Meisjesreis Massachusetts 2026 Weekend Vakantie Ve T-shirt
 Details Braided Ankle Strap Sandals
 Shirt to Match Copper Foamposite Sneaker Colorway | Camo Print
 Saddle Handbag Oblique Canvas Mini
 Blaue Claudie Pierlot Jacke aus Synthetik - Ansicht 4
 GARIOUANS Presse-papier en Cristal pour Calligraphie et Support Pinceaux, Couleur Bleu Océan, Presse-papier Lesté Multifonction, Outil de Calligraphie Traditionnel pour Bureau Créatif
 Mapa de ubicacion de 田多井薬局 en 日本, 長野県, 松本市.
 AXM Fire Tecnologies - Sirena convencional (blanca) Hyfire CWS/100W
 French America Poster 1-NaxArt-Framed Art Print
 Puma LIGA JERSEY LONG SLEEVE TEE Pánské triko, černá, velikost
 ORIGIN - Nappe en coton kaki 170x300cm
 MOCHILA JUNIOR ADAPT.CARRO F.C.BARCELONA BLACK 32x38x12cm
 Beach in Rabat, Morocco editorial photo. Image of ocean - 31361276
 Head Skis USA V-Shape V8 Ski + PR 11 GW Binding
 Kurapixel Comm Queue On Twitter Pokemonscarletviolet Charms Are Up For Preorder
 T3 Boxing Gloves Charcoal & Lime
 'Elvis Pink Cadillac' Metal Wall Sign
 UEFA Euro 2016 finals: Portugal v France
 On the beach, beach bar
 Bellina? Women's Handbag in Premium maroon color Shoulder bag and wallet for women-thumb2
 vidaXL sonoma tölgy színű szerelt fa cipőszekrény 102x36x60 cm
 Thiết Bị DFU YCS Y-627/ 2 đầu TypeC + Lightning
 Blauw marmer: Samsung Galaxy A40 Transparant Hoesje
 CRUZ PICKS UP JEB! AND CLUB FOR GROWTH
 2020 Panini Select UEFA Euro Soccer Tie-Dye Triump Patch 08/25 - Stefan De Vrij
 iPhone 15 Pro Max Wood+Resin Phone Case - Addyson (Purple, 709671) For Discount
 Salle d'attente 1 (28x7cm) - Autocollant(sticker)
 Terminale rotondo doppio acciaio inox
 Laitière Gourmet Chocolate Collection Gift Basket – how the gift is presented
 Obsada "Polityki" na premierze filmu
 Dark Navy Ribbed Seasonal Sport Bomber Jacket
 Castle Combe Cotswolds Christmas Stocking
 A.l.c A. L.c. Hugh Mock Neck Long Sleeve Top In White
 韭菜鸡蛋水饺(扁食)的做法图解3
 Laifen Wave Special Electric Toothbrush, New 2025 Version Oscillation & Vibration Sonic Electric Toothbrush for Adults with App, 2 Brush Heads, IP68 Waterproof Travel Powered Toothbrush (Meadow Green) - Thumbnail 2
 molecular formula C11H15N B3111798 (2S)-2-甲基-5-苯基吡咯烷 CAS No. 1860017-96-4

▶ What you are asked to do
Please return only the lines above, starting at the line that has "UEFA Euro 2016 finals: Portugal v France" and ending at the line that has "韭菜鸡蛋水饺(扁食)的做法图解3", keeping both and leaving each one unchanged.

▶ Solution to the problem
 UEFA Euro 2016 finals: Portugal v France
 On the beach, beach bar
 Bellina? Women's Handbag in Premium maroon color Shoulder bag and wallet for women-thumb2
 vidaXL sonoma tölgy színű szerelt fa cipőszekrény 102x36x60 cm
 Thiết Bị DFU YCS Y-627/ 2 đầu TypeC + Lightning
 Blauw marmer: Samsung Galaxy A40 Transparant Hoesje
 CRUZ PICKS UP JEB! AND CLUB FOR GROWTH
 2020 Panini Select UEFA Euro Soccer Tie-Dye Triump Patch 08/25 - Stefan De Vrij
 iPhone 15 Pro Max Wood+Resin Phone Case - Addyson (Purple, 709671) For Discount
 Salle d'attente 1 (28x7cm) - Autocollant(sticker)
 Terminale rotondo doppio acciaio inox
 Laitière Gourmet Chocolate Collection Gift Basket – how the gift is presented
 Obsada "Polityki" na premierze filmu
 Dark Navy Ribbed Seasonal Sport Bomber Jacket
 Castle Combe Cotswolds Christmas Stocking
 A.l.c A. L.c. Hugh Mock Neck Long Sleeve Top In White
 韭菜鸡蛋水饺(扁食)的做法图解3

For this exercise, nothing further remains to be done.